In general, soil gravel has different effects on plant growth at
different growth stages. The content of gravel in the soil also leads to
a decrease in soil water retention and the lack of root-soil contact
area, and the lack of resources will restrict the growth of plants
(Rytter et al., 2012; Ceacero et al., 2020). Studies on the Loess
Plateau have found that high gravel content (50%) restricts plant
growth and dry matter accumulation (Mi et al., 2016). For grassland in
the Qinghai-Tibet Plateau, gravel content was found to negatively
correlate with above-ground biomass and vegetation coverage (Yu et al.,
2015), and soil organic carbon and total nitrogen reserves were the
highest when gravel was covered by 40-50% (Wang et al., 2011).
Additonally, soil gravel could reduce plant nitrogen and phosphorus
contents, and inhibit plant growth and development (Masoni et al.,
2008). A potted pot study on the adaptation of legume Sandalwood to soil
gravels found that with the increase of gravel content, the root/shoot
ratio of seedlings showed an increasing trend, and the biomass of stems
transferred to roots and leaves, especially to low-grade roots (Liu et
al., 2016). Therefore, the influence of gravel content on plant traits
is species-specific, and the difference response of vegetation to soil
gravels varys in different ecosystems.
Large-scale projects have disturbed soil surface texture and damaged
native vegetation, and if timely ecological restoration is not carried
out, it may cause serious ecological consequences such as land
degradation and water and soil loss (Zhang et al.,2015; Si et al.,2020;
Chen et al.,2020).

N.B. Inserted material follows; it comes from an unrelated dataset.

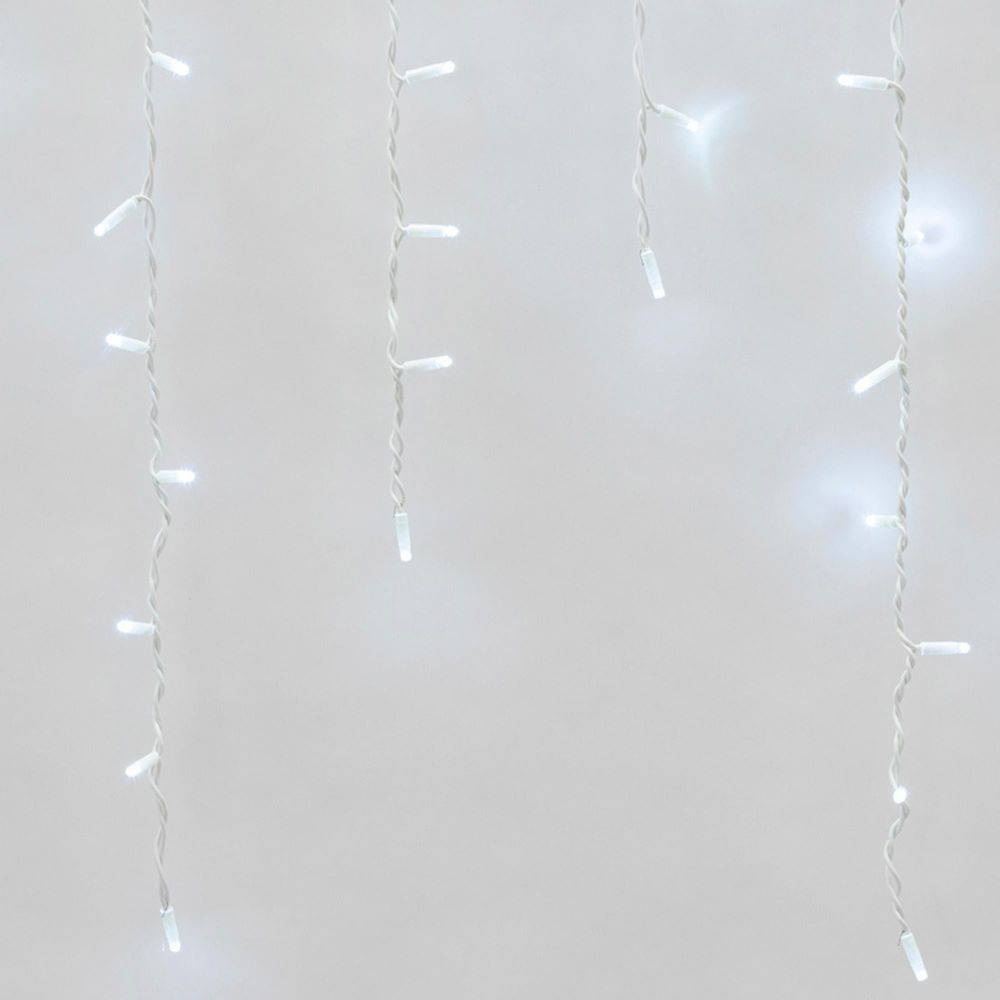 ULD-B3010-200-SWK WHITE IP67 Бахрома светодиодная со статическим свечением. 3м. Соединяемая. 200 светодиодов. Белый свет. Провод белый. TM Uniel.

After the ecological environment is disturbed by
engineering, scientific and effective vegetation restoration is needed
to ensure ecological security (Xie et al.,2021). However, the complex
geological background and unique, sensitive and fragile natural
environment of the Qinghai-Tibet Plateau make ecological restoration
techniques scarce (Zhang et al.,2016b; Xu et al.,2022; Li et al.,2022).
Gravel soils are widely distributed in the Tibetan Plateau (Pan et
al.,2017). Therefore, it is urgent to understand the mechanism of soil
gravel on plant traits to carry out the effective ecological
restoration. The objectives of this study were to: (i) evaluate the
effects of gravel content and plant species on plant growth; (ii)
explore the mechanism of action of gravel content and plant species on
plant growth based on stoichiometry.